*** Opening of RECORDS SUPPLIED ***

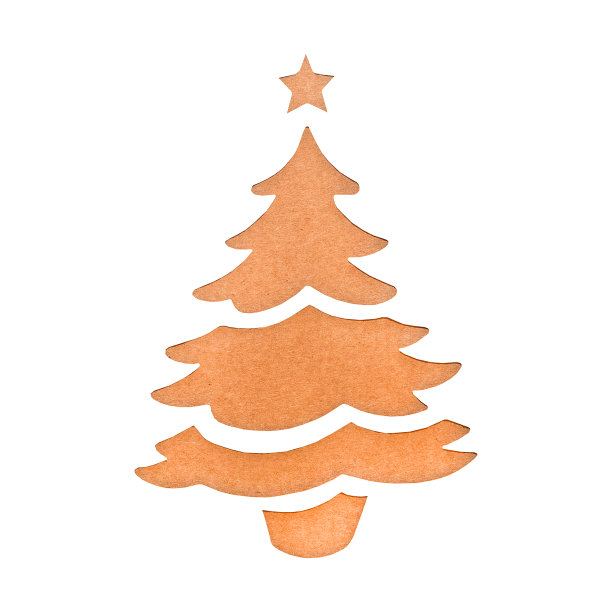 在棕色的背景纸板上剪下的圣诞树图片下载
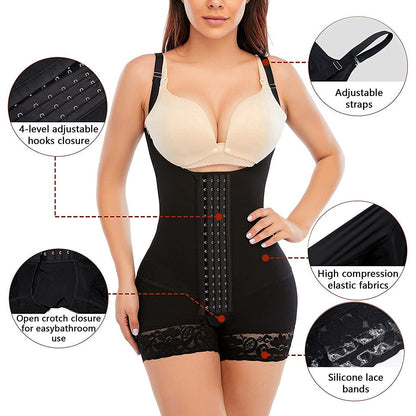 7206 Four-breasted Mesh Tummy Control Body Suit Limorista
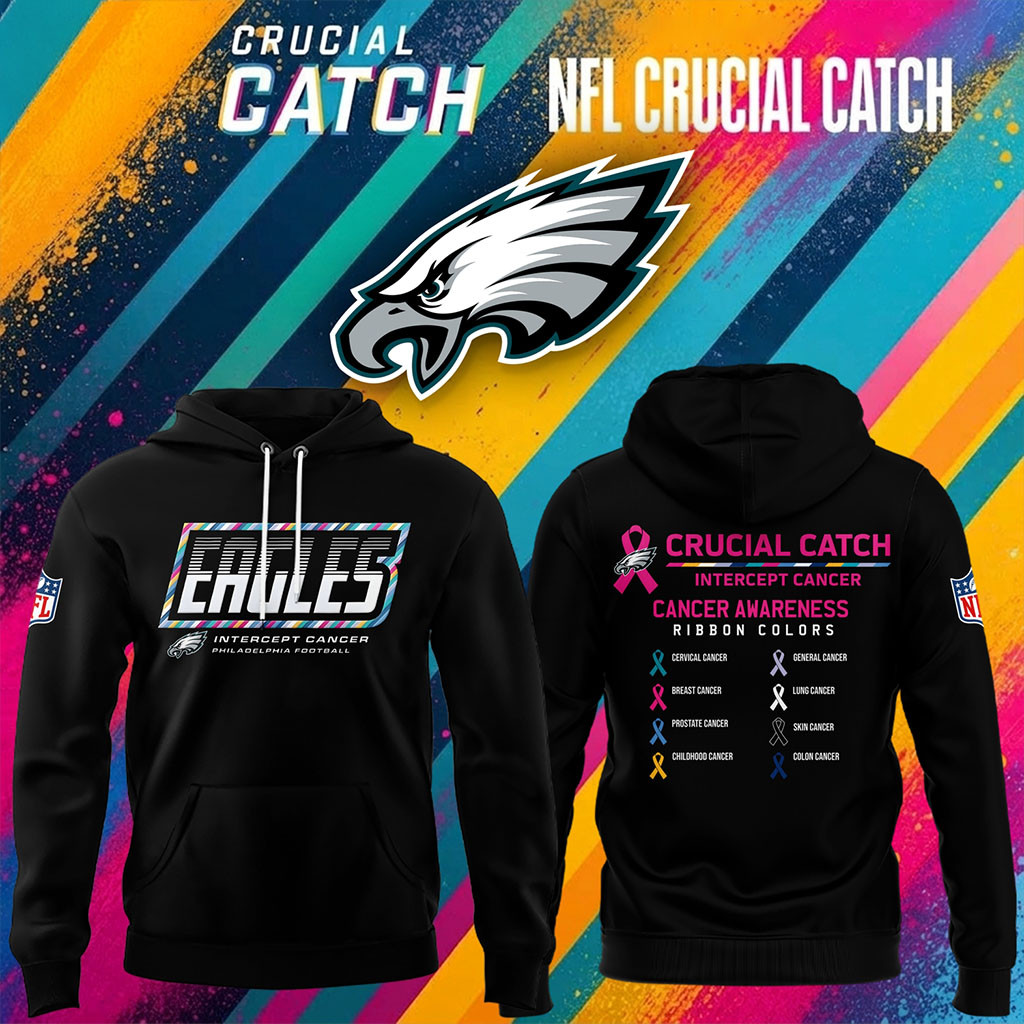 Philadelphia Eagles Crucial Catch Hoodie 2026 Cancer Awareness Hoodie Philadelphia Eagles Merch 1 - Unicasport Philadelphia Eagles Crucial Catch Hoodie 2026 Cancer Awareness Hoodie Philadelphia Eagles Merch
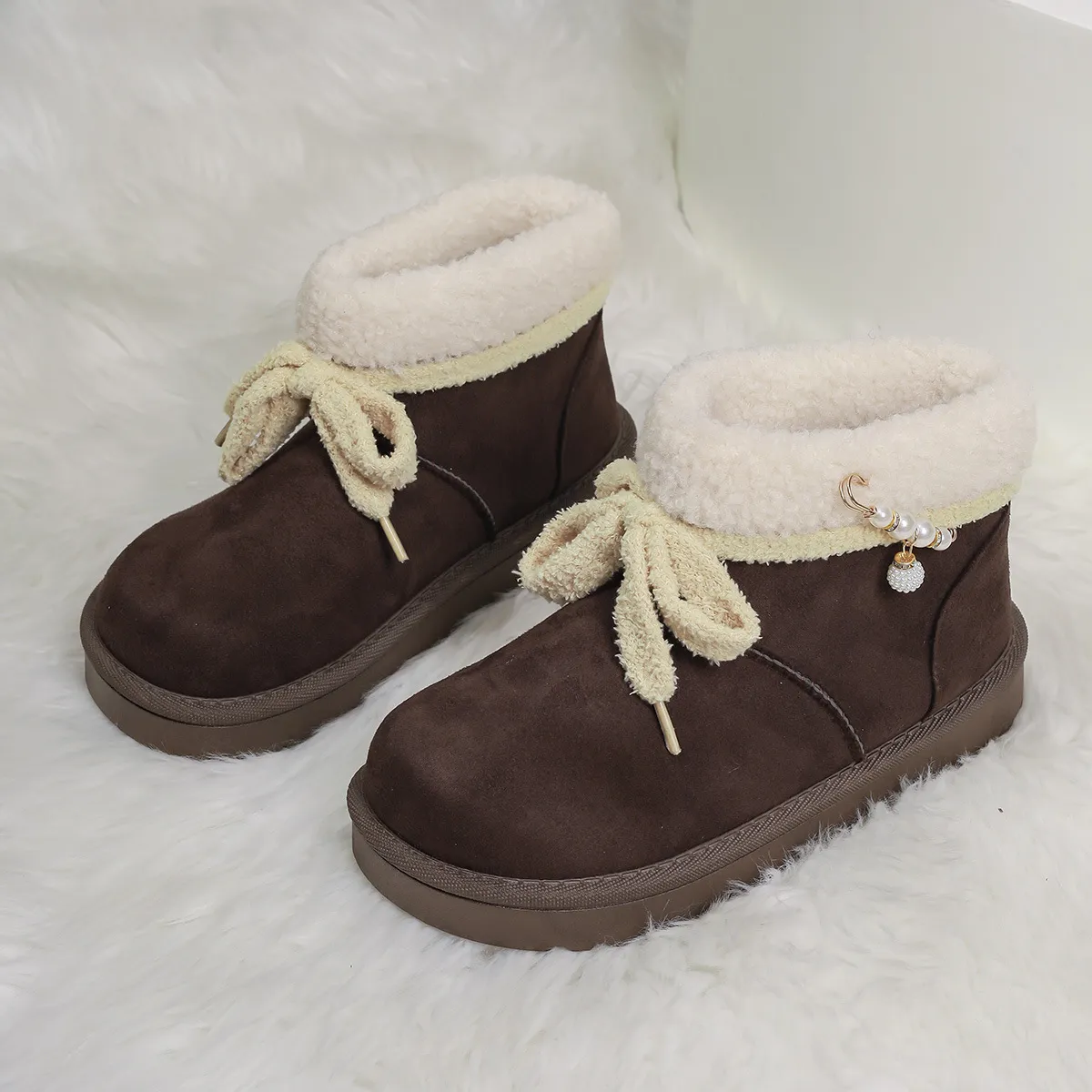new Free Delivery Designer Woman Cotton Comfortable Snow With Short Sleeves And Plush Outdoor Winter Boots_voghion.com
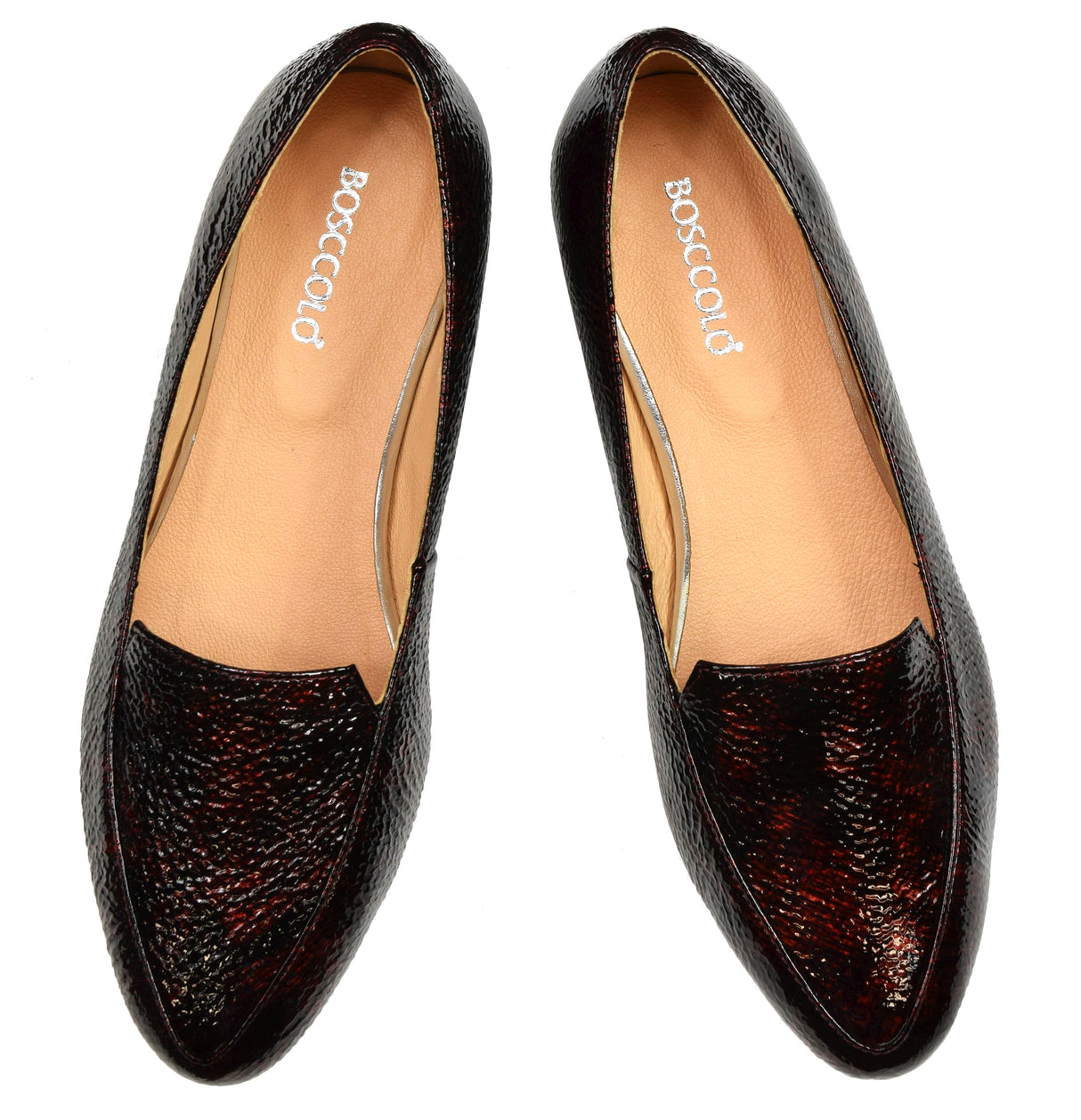Bosccolo Womens Moccasin - Iridescent Burgundy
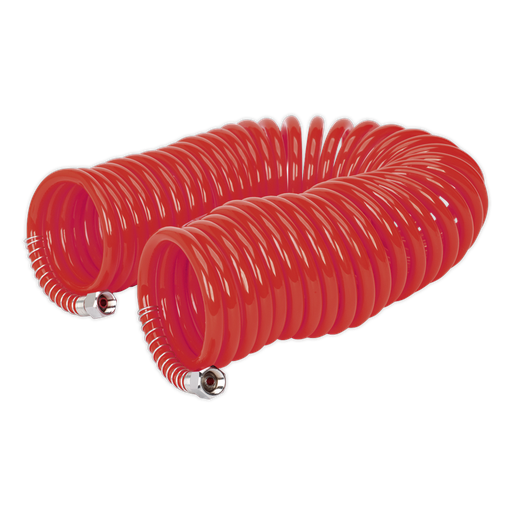 [AH10C/6] Sealey PU Coiled Air Hose with 1/4"BSP Unions 10m x 6mm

*** Close of RECORDS SUPPLIED ***

**TO DO**
Repeat the records in full, exactly as they appear, without the pictures.

**RESPONSE TO THIS TASK**
 在棕色的背景纸板上剪下的圣诞树图片下载
 7206 Four-breasted Mesh Tummy Control Body Suit Limorista
 Philadelphia Eagles Crucial Catch Hoodie 2026 Cancer Awareness Hoodie Philadelphia Eagles Merch 1 - Unicasport Philadelphia Eagles Crucial Catch Hoodie 2026 Cancer Awareness Hoodie Philadelphia Eagles Merch
new Free Delivery Designer Woman Cotton Comfortable Snow With Short Sleeves And Plush Outdoor Winter Boots_voghion.com
Bosccolo Womens Moccasin - Iridescent Burgundy
 [AH10C/6] Sealey PU Coiled Air Hose with 1/4"BSP Unions 10m x 6mm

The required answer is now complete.